TASK:
Return the lines of the listing below exactly as they appear, beginning at the one with "Patiala Crime News" and stopping after the one with "- 漯河28生活网 luohe.28life.net"; do not include pictures.

DATA PROVIDED:

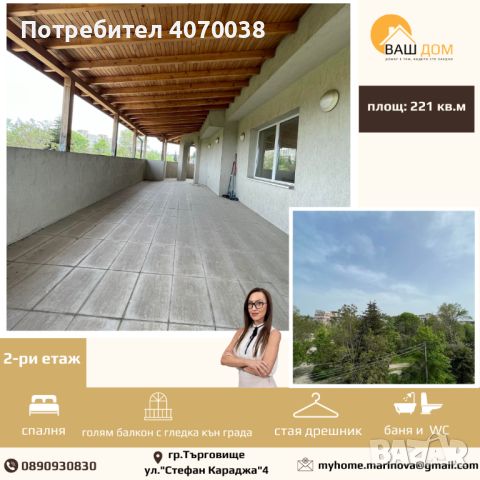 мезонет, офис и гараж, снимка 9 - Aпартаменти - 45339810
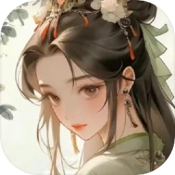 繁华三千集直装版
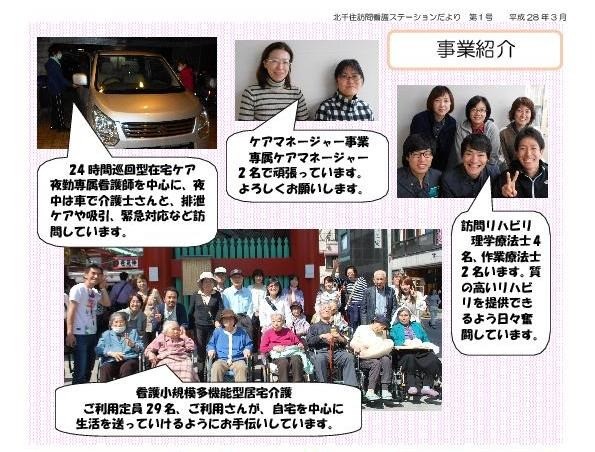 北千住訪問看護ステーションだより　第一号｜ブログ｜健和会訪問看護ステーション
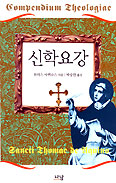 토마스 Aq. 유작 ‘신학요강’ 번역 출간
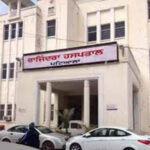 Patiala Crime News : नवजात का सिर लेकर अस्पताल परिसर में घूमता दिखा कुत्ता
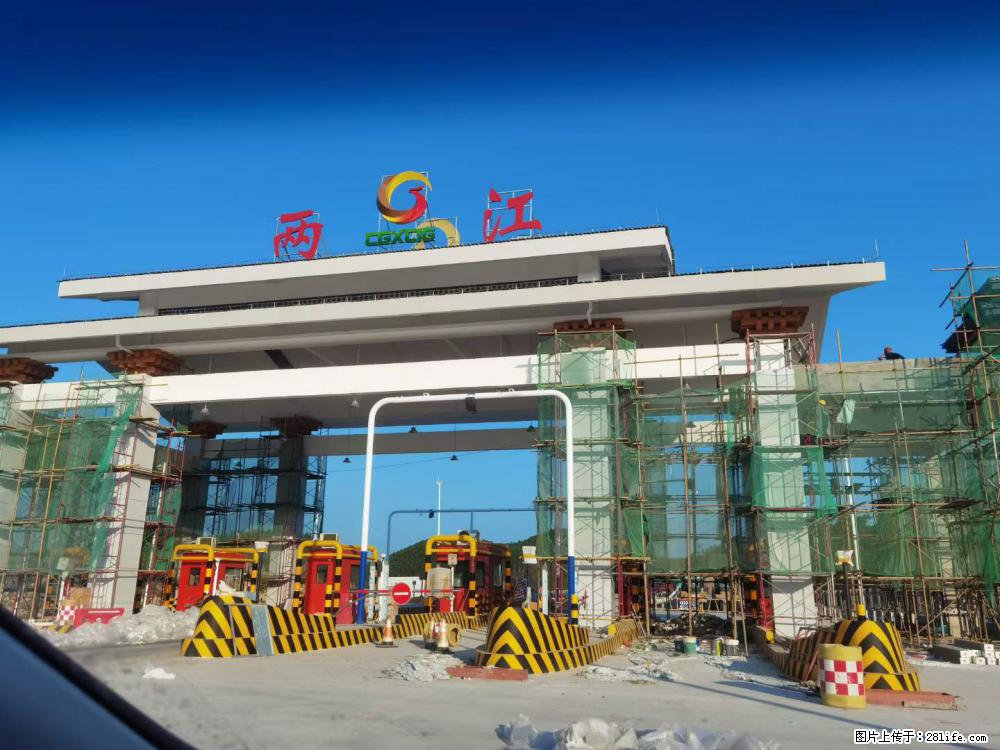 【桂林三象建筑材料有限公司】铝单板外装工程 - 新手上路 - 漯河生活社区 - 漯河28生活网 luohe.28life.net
---
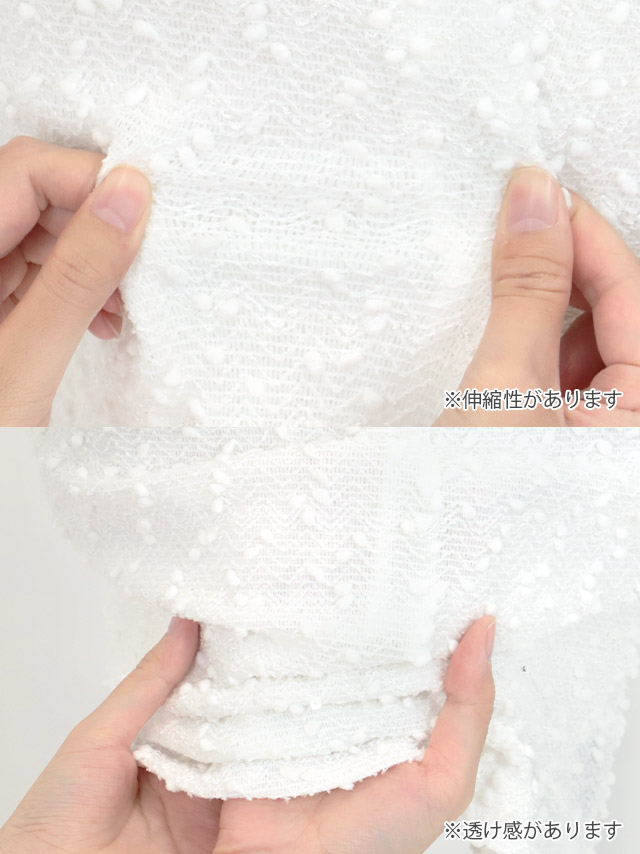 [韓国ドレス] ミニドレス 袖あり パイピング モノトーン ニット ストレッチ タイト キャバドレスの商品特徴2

WRITTEN ANSWER:
 Patiala Crime News : नवजात का सिर लेकर अस्पताल परिसर में घूमता दिखा कुत्ता
 【桂林三象建筑材料有限公司】铝单板外装工程 - 新手上路 - 漯河生活社区 - 漯河28生活网 luohe.28life.net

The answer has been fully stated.